Goal of the exercise
What are the lines, word for word, from the line with "<p>Define the pathology.</p>" up to and including the line with "IHC analysis of" in the records below? Omit the pictures.

Entries provided
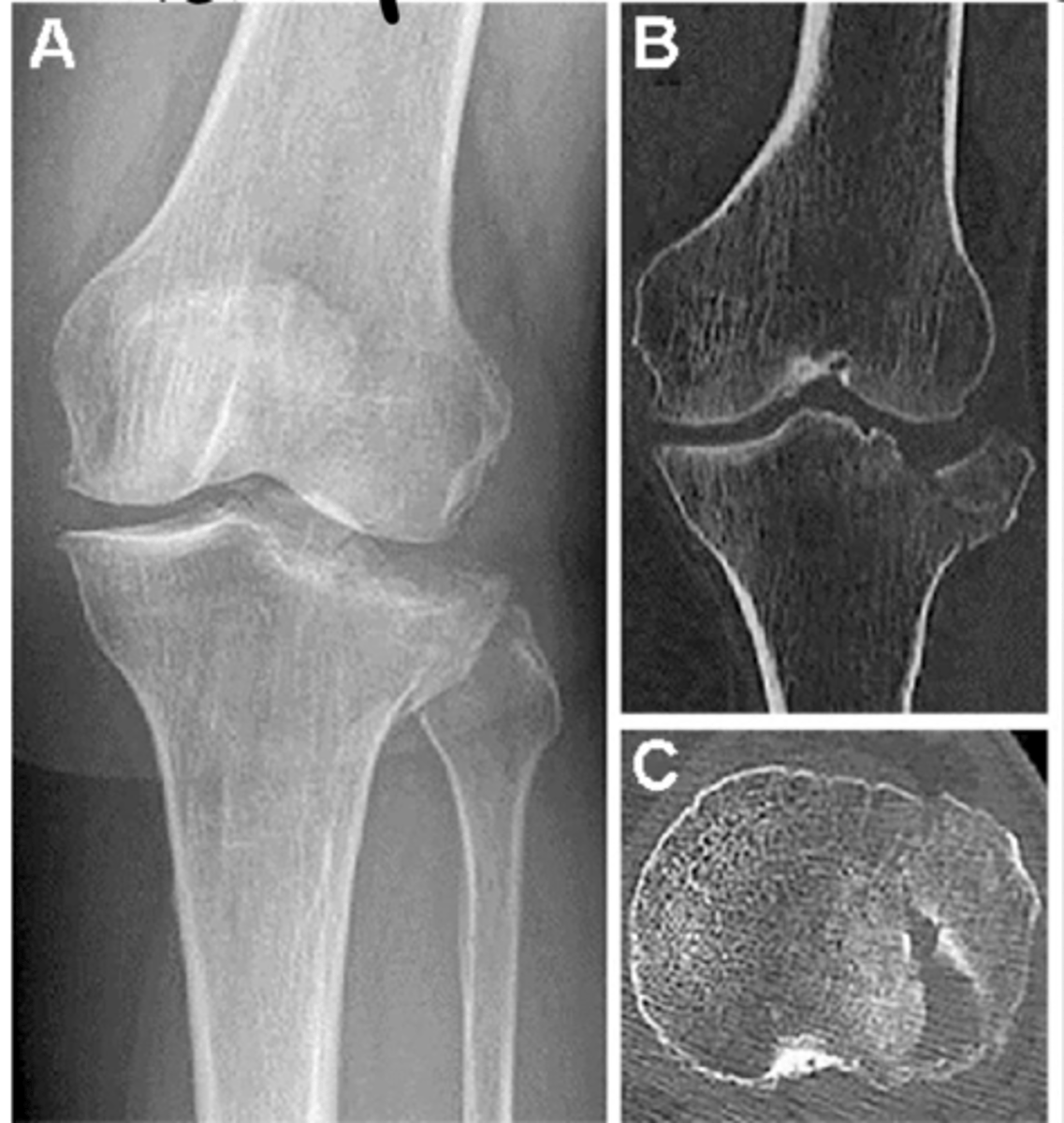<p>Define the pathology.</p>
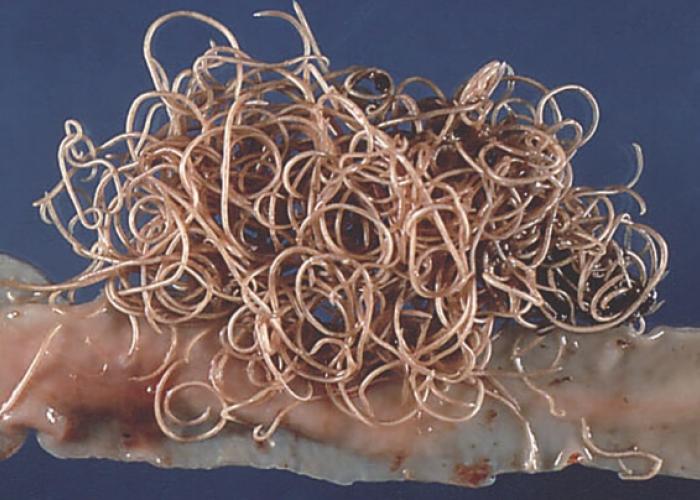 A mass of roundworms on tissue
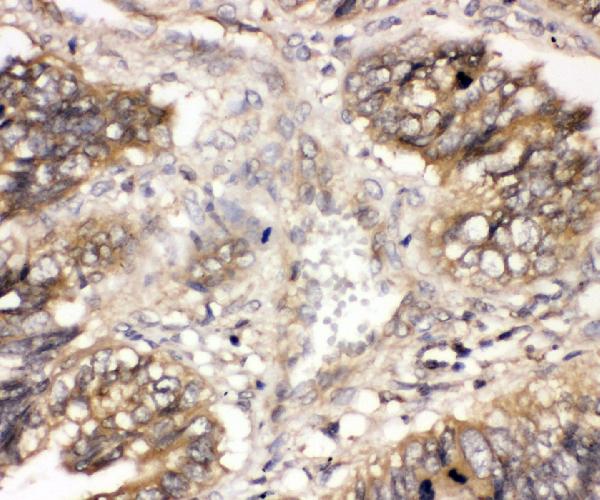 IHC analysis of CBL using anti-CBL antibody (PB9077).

...

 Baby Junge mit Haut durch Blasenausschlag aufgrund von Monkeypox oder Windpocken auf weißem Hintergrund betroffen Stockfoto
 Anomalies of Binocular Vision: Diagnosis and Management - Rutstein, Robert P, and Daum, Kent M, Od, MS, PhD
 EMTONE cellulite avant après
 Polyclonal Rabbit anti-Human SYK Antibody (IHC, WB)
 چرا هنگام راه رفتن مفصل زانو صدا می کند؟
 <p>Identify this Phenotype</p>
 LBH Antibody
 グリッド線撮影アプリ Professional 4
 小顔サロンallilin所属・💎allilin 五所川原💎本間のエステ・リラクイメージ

* * *

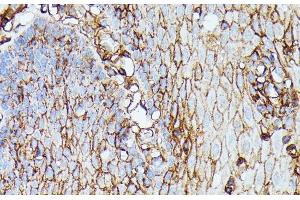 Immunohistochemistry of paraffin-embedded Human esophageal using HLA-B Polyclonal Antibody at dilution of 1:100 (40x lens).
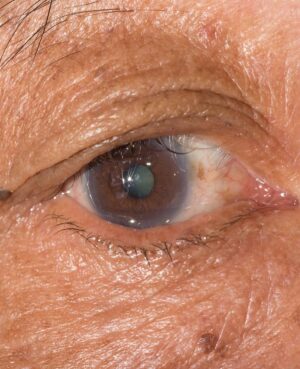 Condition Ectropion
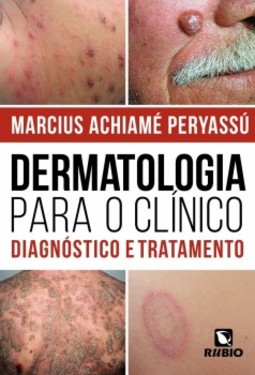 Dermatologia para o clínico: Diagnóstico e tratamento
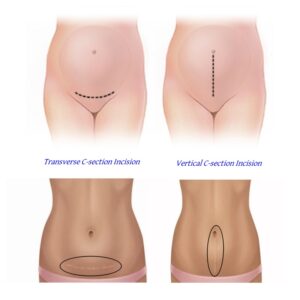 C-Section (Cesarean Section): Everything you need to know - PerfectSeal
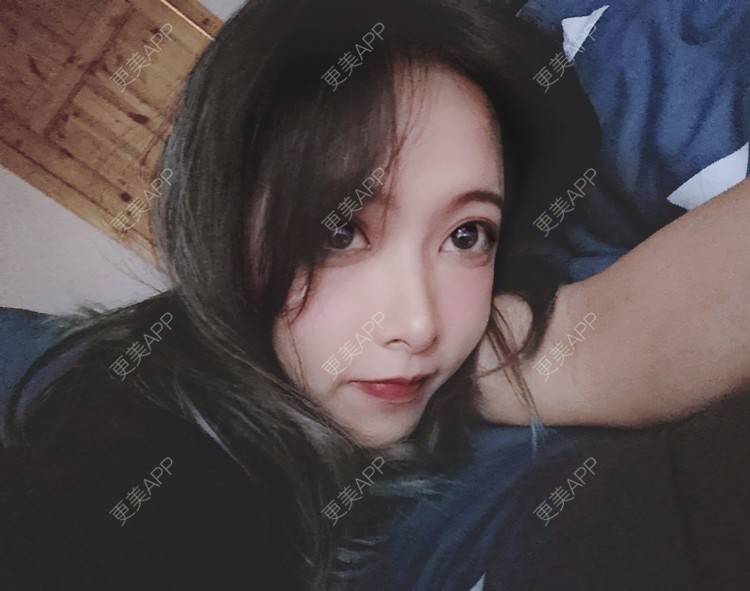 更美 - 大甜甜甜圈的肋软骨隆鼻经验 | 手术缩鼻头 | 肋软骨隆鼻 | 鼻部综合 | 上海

The answer
<p>Define the pathology.</p>
 A mass of roundworms on tissue
 IHC analysis of CBL using anti-CBL antibody (PB9077).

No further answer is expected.